Plus d’infos sur Le Journal du Congo
L’émergence des infrastructures congolaises d’ici 2031 : Le défi du financement face au rêve des cités futuristes
L’enthousiasme légitime et la vision prospective affichés par l’ambassadeur Guy Itoua au Caire, désireux de transposer le miracle bâtisseur égyptien sur les rives du fleuve Congo, suscitent une immense curiosité et un grand espoir parmi les urbanistes et les jeunes cadres de notre pays, rappelant que l’ambition architecturale reste le reflet de la puissance et de la maturité d’une nation en marche. Ce grand jalon diplomatique de juillet 2026 projette la politique de la ville et des grands travaux du Congo vers un horizon d’innovation technologique sans précédent pour la période 2026-2031, installant le partenariat sino-africain et nord-africain au cœur de notre stratégie d’émergence. Les axes politiques sont définis et l’inspiration est actée, mais la capacité réelle de notre économie à mobiliser les milliards de dollars nécessaires pour financer un tel projet de ville nouvelle ouvre un magnifique et nécessaire débat d’avenir.

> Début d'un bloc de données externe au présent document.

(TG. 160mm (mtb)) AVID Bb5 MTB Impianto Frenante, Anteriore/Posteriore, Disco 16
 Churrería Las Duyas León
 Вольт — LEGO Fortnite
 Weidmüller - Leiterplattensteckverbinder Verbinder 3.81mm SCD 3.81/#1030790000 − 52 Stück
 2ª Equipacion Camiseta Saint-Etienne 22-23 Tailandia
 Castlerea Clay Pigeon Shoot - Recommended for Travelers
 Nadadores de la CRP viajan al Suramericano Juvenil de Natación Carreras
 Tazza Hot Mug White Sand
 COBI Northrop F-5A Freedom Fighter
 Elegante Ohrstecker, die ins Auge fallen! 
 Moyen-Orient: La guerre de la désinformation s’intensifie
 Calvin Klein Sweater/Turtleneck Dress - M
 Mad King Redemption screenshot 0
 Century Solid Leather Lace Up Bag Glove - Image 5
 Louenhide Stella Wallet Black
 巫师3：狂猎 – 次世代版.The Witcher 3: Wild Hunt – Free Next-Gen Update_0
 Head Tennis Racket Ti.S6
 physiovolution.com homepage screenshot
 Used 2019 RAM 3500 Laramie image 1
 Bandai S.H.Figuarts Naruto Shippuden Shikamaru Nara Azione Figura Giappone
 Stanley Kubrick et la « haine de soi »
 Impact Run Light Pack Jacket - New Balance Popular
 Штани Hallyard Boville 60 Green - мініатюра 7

Dès lors, face à l’urgence de moderniser nos institutions, le gouvernement congolais parviendra-t-il d’ici la fin de l’année 2026 à signer des accords d’ingénierie concrets avec Le Caire pour concevoir les plans d’une nouvelle extension administrative décentralisée ? Comment nos ingénieurs locaux intégreront-ils ces technologies de pointe pour bâtir des infrastructures durables, tout en résolvant les défis immédiats de l’assainissement urbain avant la fin de la décennie ? Le débat sur la modernisation de notre territoire et l’avenir de nos villes est totalement ouvert, la volonté de nos diplomates est affirmée, et le suivi de cet axe Brazzaville-Le Caire va continuer de retenir toute notre attention.